Today we hit the water early and there was nothing more than just a few white puffy clouds on the horizon. Of course, as soon as I floated in my tube about a mile down river, the clouds turned black and ugly. Lightning was flashing all around and the wind turned cool and angry. I headed for the river bank and walked back in the soft gravel to my pickup truck. It was only four in the afternoon and it was DARK. We quickly packed up all our belongings and headed back for San Marcos. The storm chased us all the way, pelting my truck with hail and rain. Later, we discovered that a tornado touched down just west of Llano, near Castell. That is exactly were I had been floating just a couple of hours earlier.

It wasn't until I got home and looked at the photos that I realized that the last bass I caught was a Guadalupe (needed for the tournament). In the haste to get off the river I didn't put in on the measuring board. I was going with the theory that if you are dead, you are disqualified.

Despite the much shortened trip, it was great to be out on this beautiful river. Of the twenty or so fish caught, none counted for points.

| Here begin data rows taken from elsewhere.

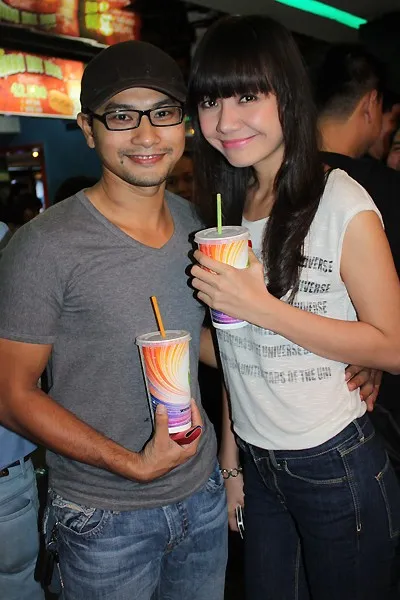 Những cặp đôi Việt 'phải lòng' nhau trên phim trường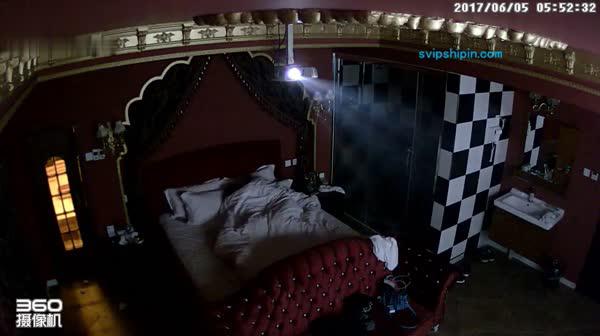 投影房6.05帅哥真会玩凌晨带俩妞玩双飞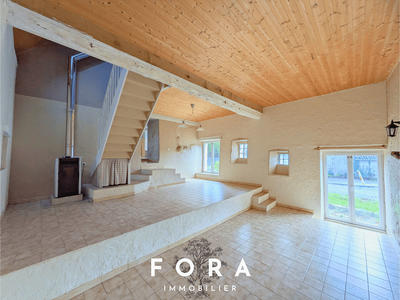 Maison - 104 m² - 5 pièces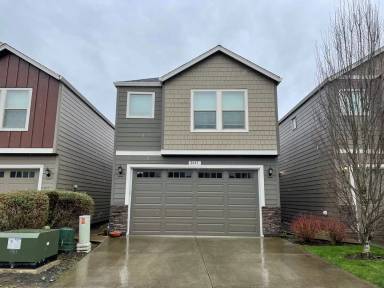 Main picture of 2625 NE 130th Ct
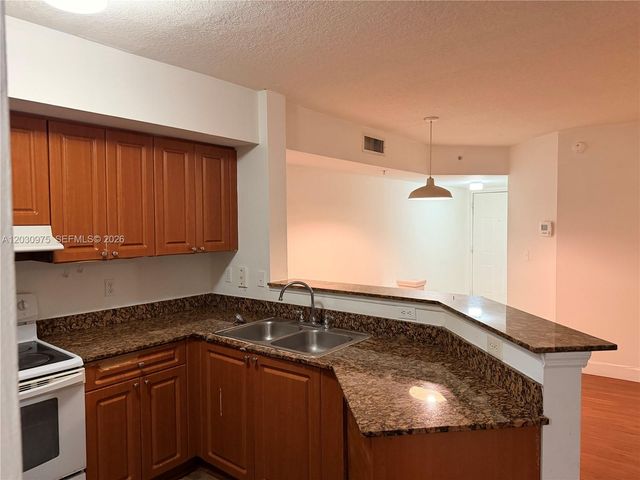 17602 NW 25th Avenue 303, Miami Gardens, FL 33056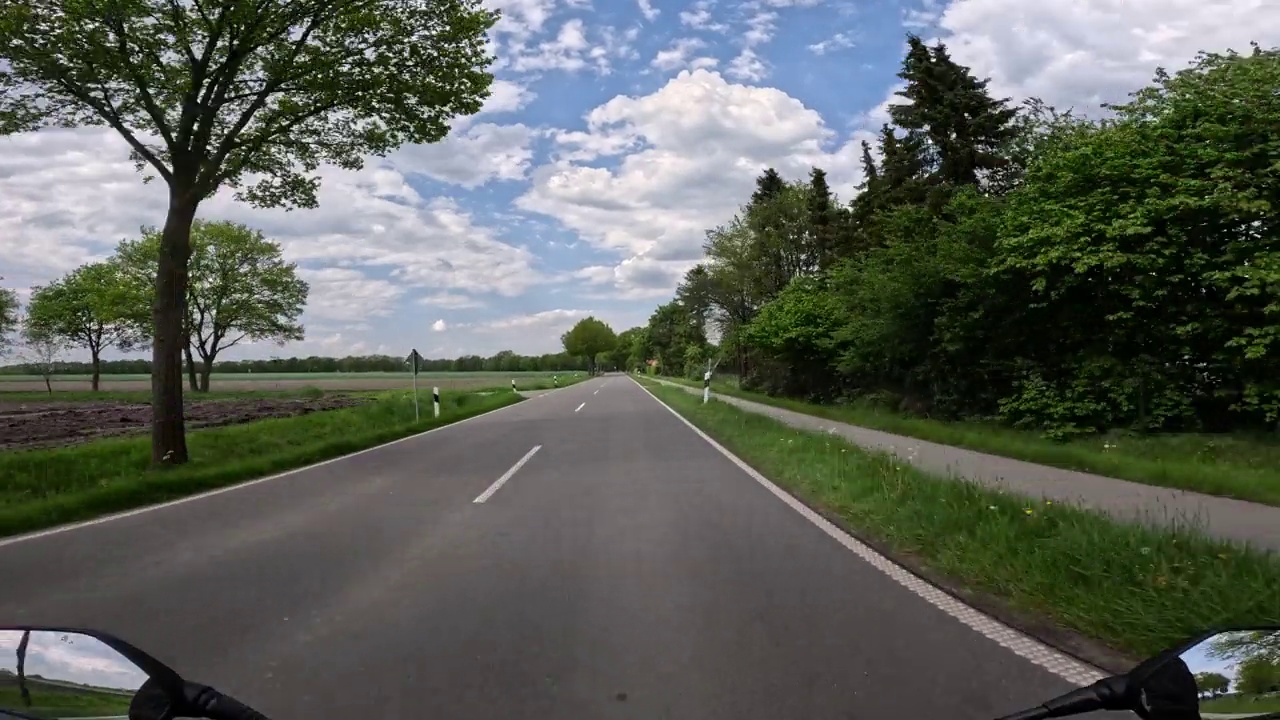 天气好的时候在乡间路上骑摩托车视频下载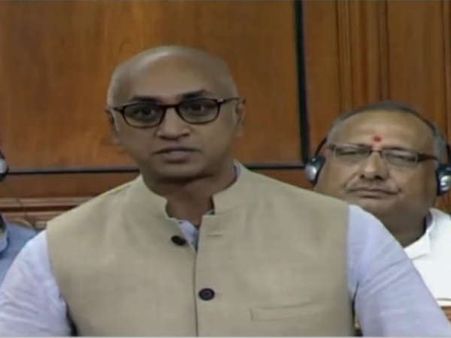 ఒక్క స్పీచుతో హీరో అయిన గల్లా జయదేవ్: గుంటూరు దమ్ము చూపించాడంటున్నారు..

I will be in Arkansas (fishing) for the next two weeks. Will hit the Hill Country again in late May.


----------



## Upright (Apr 2, 2012)

With you gone for two weeks maybe it will give me time to close the gap on points! :fish:


----------



## YAKNTX (Jun 6, 2010)

Mike, can you share where you put in and fished. I've never fished the Llano and would like to try it out. Thanks and have a safe and fun trip.


----------



## miguel4 (Aug 12, 2005)

While wading the west side (high side) of the Llano and not being able to watch storms approach very well, and catching fish like crazy, I have had to grab my gear and fish and literally run across the river and jump into depressions on the other side to escape bad assed storms. Sure will make your heart beat! Glad I am too old now to do that anymore...


----------



## flyfishingmike (Nov 26, 2010)

YAKNTX said:


> Mike, can you share where you put in and fished. I've never fished the Llano and would like to try it out. Thanks and have a safe and fun trip.


Fishing the Llano (at Llano) has several options.

You can walk down to the river below the dam (in town) and fish the first mile or so simply wading and rock hopping.

Drive Hwy 29 West to the CR 102 crossing, CR103 (where I was fishing) crossing, or go to Castell. Once you are at the river, you can wade, float, or paddle.

Beware the water is crystal clear and the fish see you first.

Let's go fishing.


----------



## YAKNTX (Jun 6, 2010)

flyfishingmike said:


> Fishing the Llano (at Llano) has several options.
> 
> You can walk down to the river below the dam (in town) and fish the first mile or so simply wading and rock hopping.
> 
> ...


Thanks, when you get back from your trip send me a message and lets go fish the Blanco during the week.


----------